RED (Recurring Esthetic Dental Proportion) is a hotly-contended topic in the world of dental esthetics. Simply put, RED is the mathematical equation dentists and dental surgeons use to plan out the intended widths for maxillary anterior teeth. Prior to this development, the well-known Golden Ratio (sometimes referred to as the Golden Proportion) acted as the industry leader for dental professionals.
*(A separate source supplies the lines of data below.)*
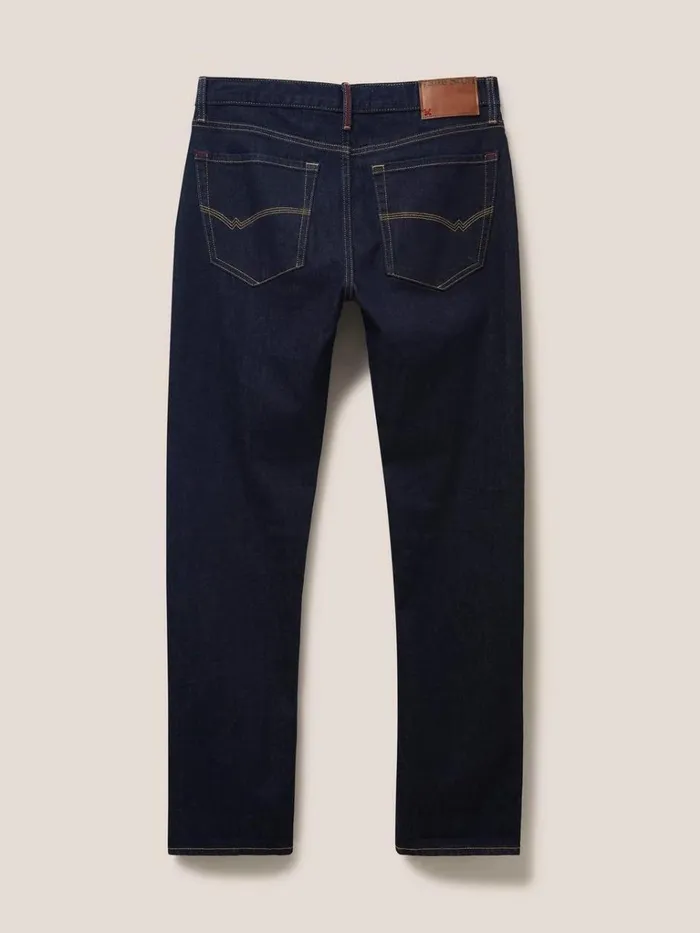 Men TROUSERS White Stuff Harwood Straight Jean Dk Denim Men TROUSERS White Stuff Harwood Straight Jean Dk Denim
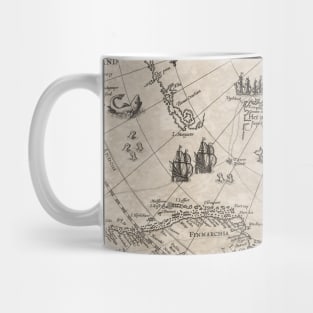 Vintage Map of the Arctic 1598 Mug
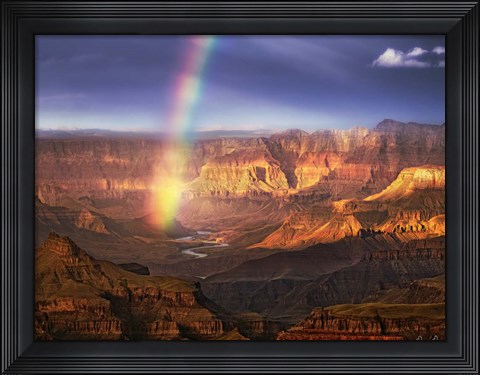 Framed Canyon View IV Print
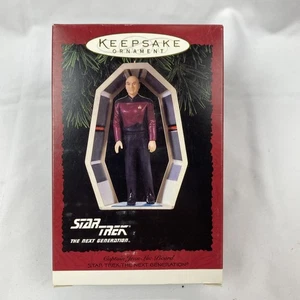 Hallmark Ornament Star Trek The Next Generation Captain Jean-Luc Picard 1995 TNG - Picture 1 of 6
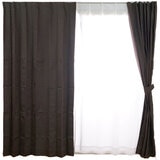 Design Life ドレープ プレーン カーテン 100 x 200 cm ノーチェ DBR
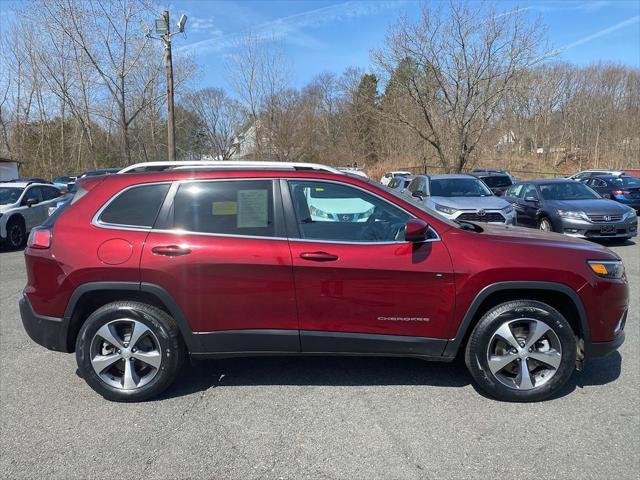 used 2021 Jeep Cherokee car, priced at $25,755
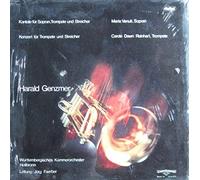 Jörg Faerber & Württembergisches Kammerorchester Heilbronn - Harald Genzmer: Kantate für Sopran, Trompete und Streicher / Konzert für Trompete und Streicher [Vinyl LP] [Schallplatte]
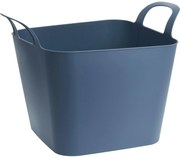 Elastyczny kosz/wiadro 36 l, 39 x 39 x 53 cm, niebieski
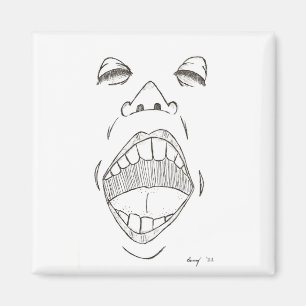 "Shout" Magnet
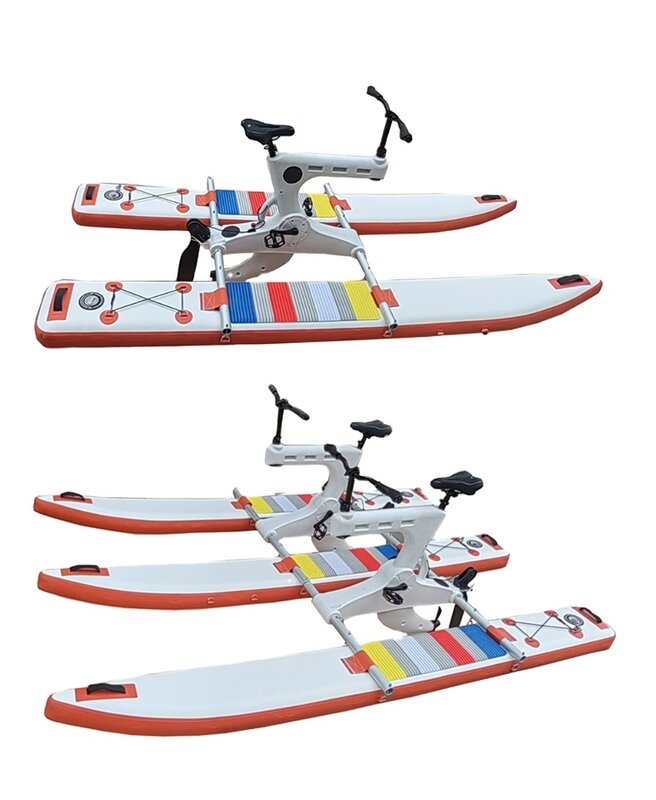 Adult Pedal PVC Inflatable water bike leisure equipment water pedal boats for sale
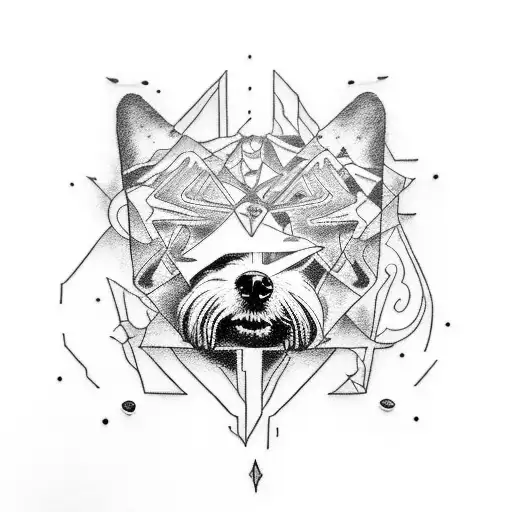 A Rock Music Inspired Tattoo With A Dog Wearing Alternative Clothing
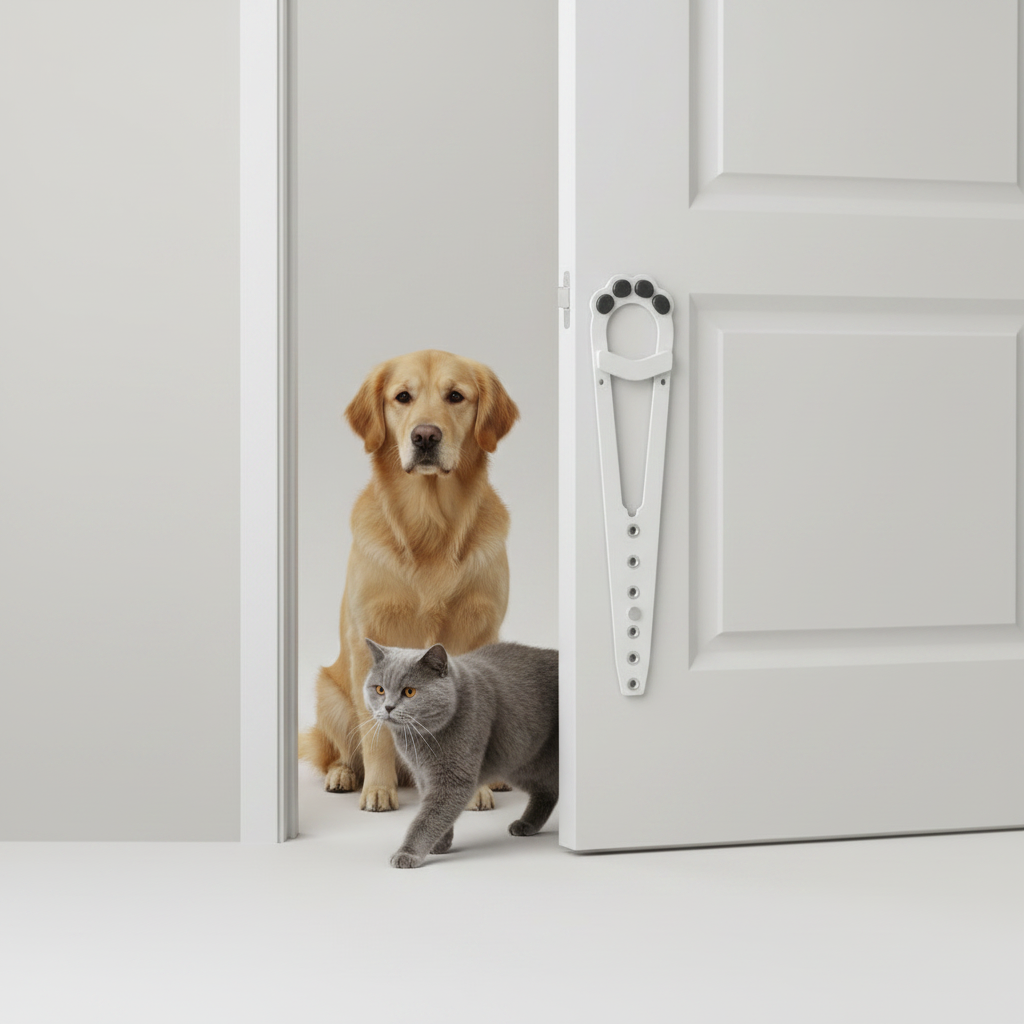 No-Punch Pet Door Strap Latch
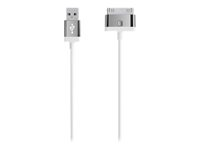 Belkin MIXIT ChargeSync Cable - Câble de chargement / de données - USB mâle pour Apple Dock mâle - 2 m - blanc - pour Apple iPad/iPhone/iPod (Apple Dock) F8J041CW2M-WHT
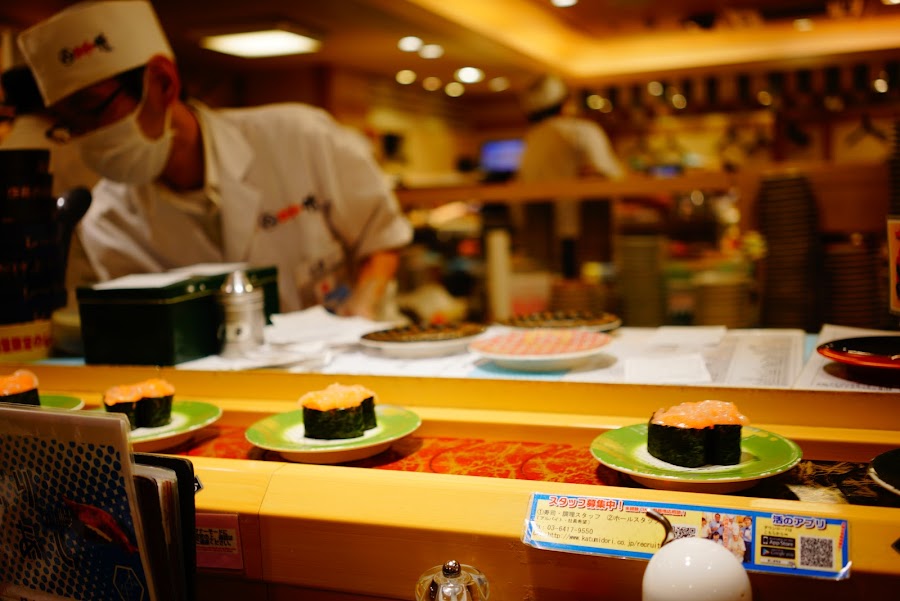 Sushi at Katumidori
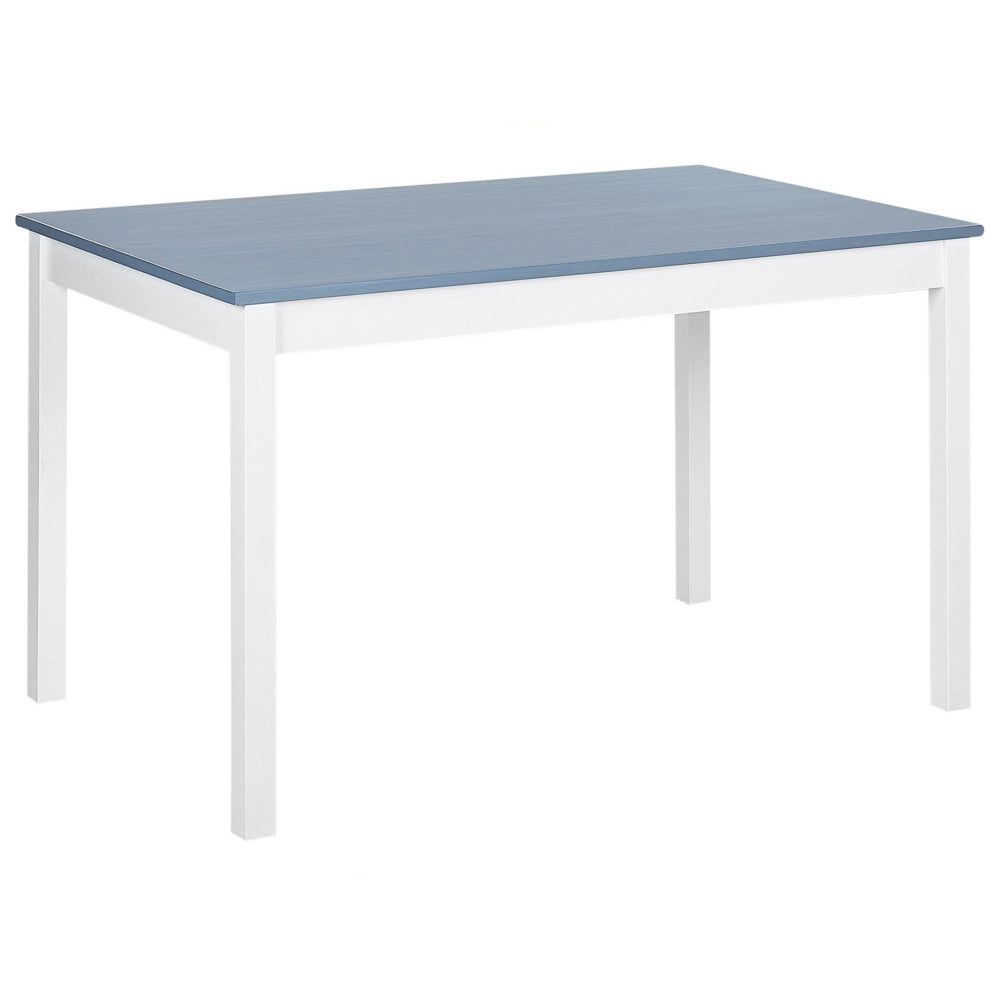 Set da pranzo in legno massello bianco con piano in legno chiaro a 4 posti 120 x 75 cm moderno scandinavo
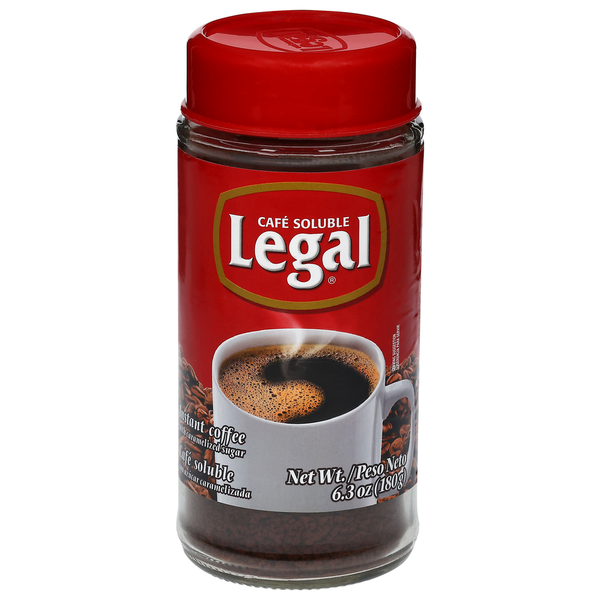 Coffee Café Legal Instant Coffee, with Caramelized Sugar hero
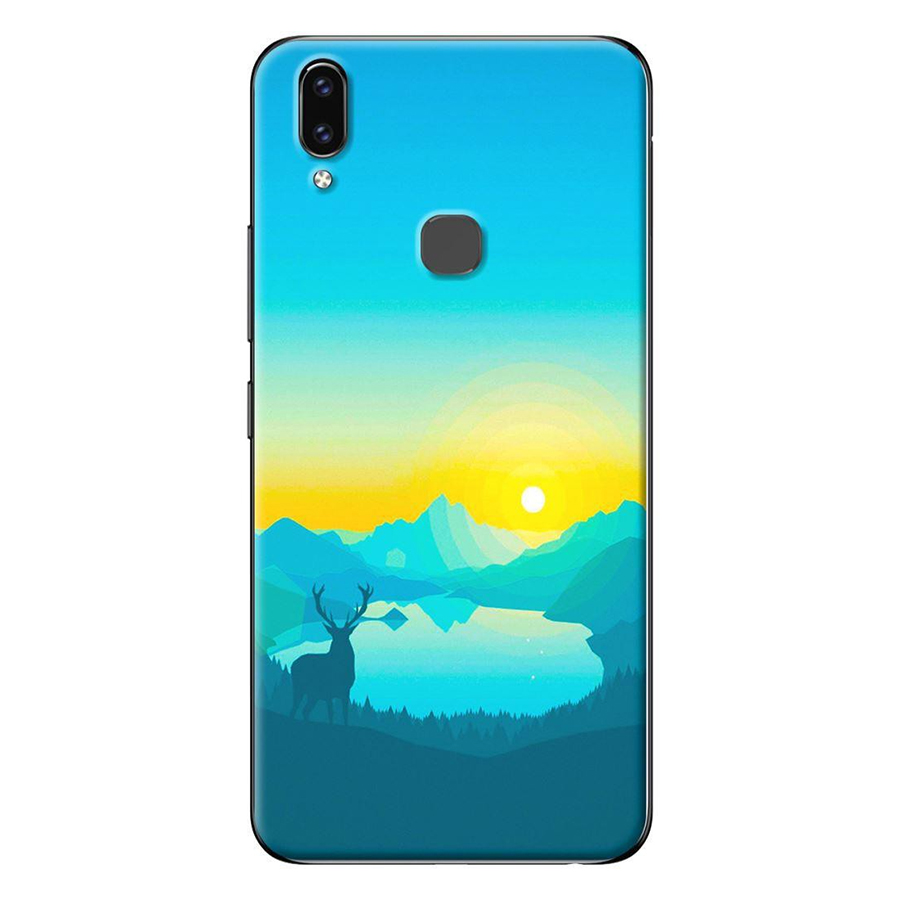 Ốp Lưng Dành Cho Vivo V9 - Nai Trong Hồ Xanh
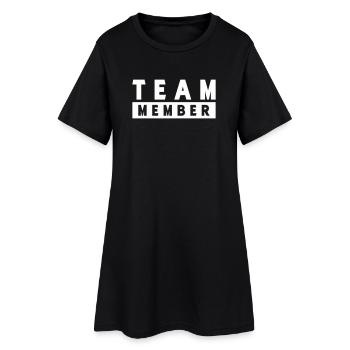 Team Member - Women’s T-Shirt Dress - black - Front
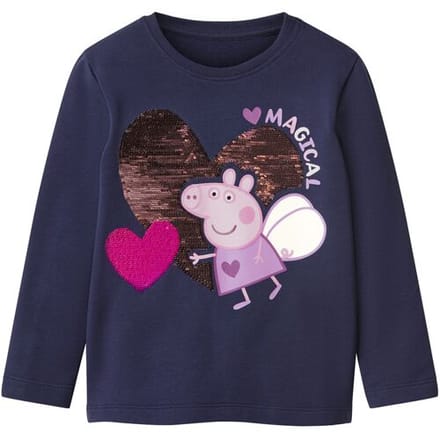Lidl Kinder longsleeve (Peppa Pig, 122/128)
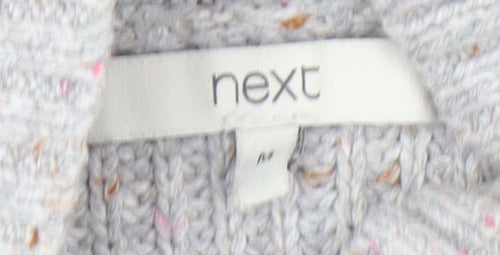 Next Women's Grey Mock Neck Pullover Jumper Size 12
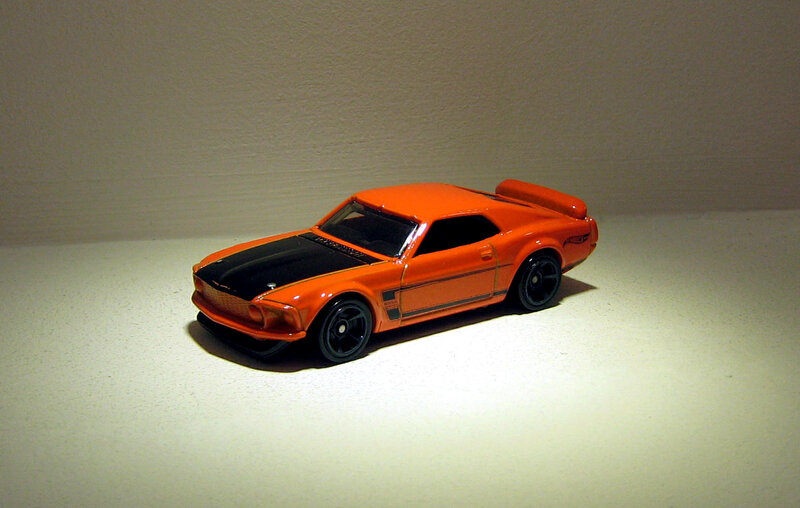 Ford Mustang Boss 302 de 1969 (Hotwheels)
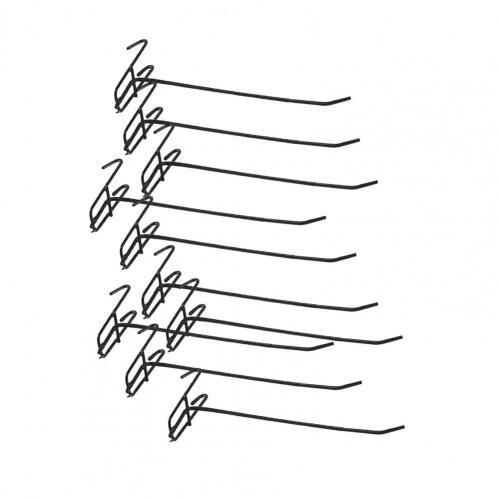 10Pcs Hooks Wear-resistant Removable Metal Stable Hangers Pictures Hanger Wall Storage Organizer for Home Storage: Chocolate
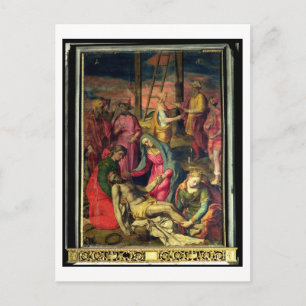 Afzetting uit het kruis, 1582 (temperatuur op het  briefkaart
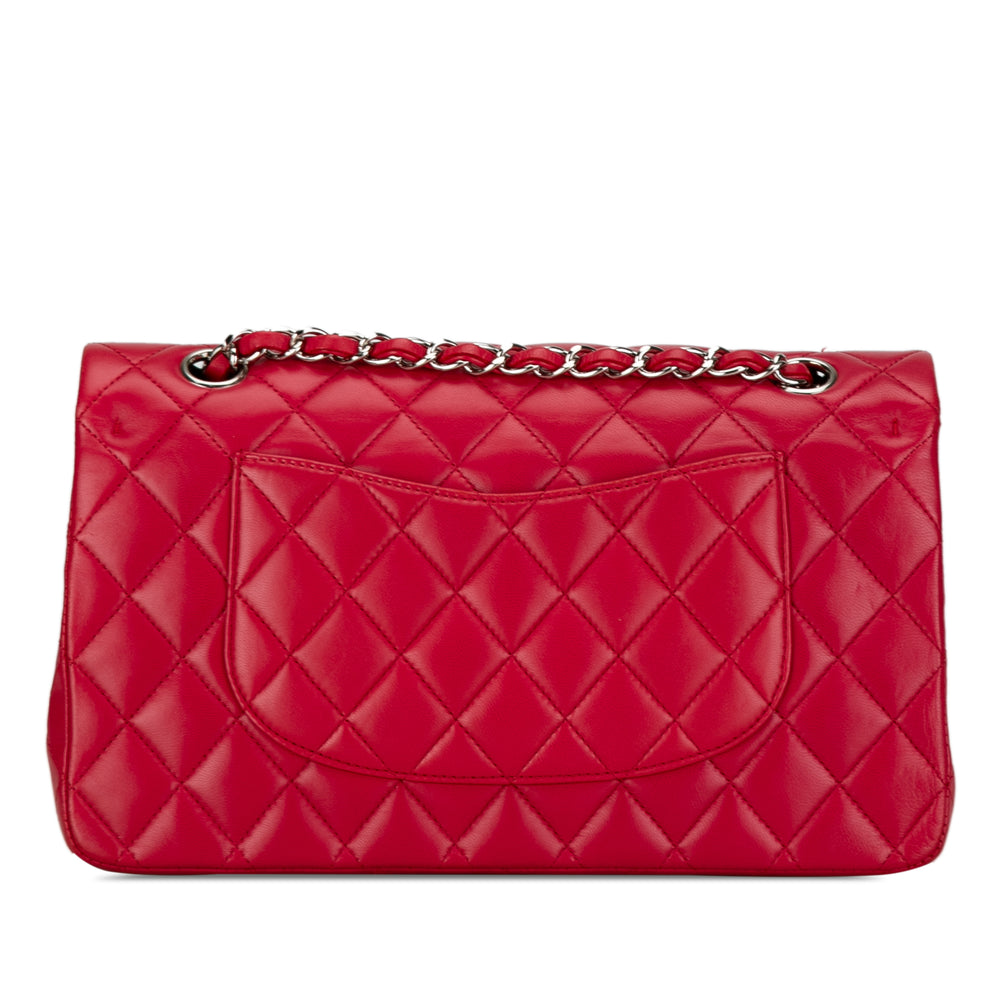 Chanel Medium Classic Lambskin Double Flap Red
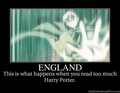 England: This is what happens when you read too much... - anime photo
Originally developed by Leonardo da Vinci in 1509, the Golden Ratio (1.62) suggested that abiding by such proportions would result in visual and aesthetic perfection. The theory of ‘dental esthetics’ expanded upon this idea, and broadened it to include dental proportions. In 1978, dental theorist Edwin Levin argued that following the Golden Ratio would be the most useful mechanism for planning and implementing restorative dental treatment.
Later theories, such as that argued by Dr. Daniel Ward, countered this conjecture. Ward argued that there was a better, more holistically-appropriate proportion than the Golden Ratio that should be used for dental restorative treatment: the RED Proportion (.70).
The study, and later article, published by Dr. Rubinov and his colleagues, aimed to communicate two major points. Firstly, the article sought to confirm Ward’s argument that dental professionals abide by the RED Proportion, and not the Golden Ratio, as previously thought. Secondly, the study uncovered some interesting conclusions to include not only dental professionals, but also laypersons, or patients.
Oftentimes, it is difficult to be sure that what the general public wants, and what an industry professional, or highly-trained individual (such as a dentist) wants, are aligned. Industry professionals might recommend certain measures or treatments based on their levels of expertise, but from an esthetic perspective, these recommendations do not always align with the less-trained eye. Preferences might not coincide; although looks are subjective in nature, scientific research and properly-performed studies can help alleviate discrepancies. This study did exactly that, and resulted in the most conclusive conjecture about professionals and laypersons’ opinions regarding dental-facial structure. They are aligned; in this case, the doctor (Dr. Rubinov) truly does know best!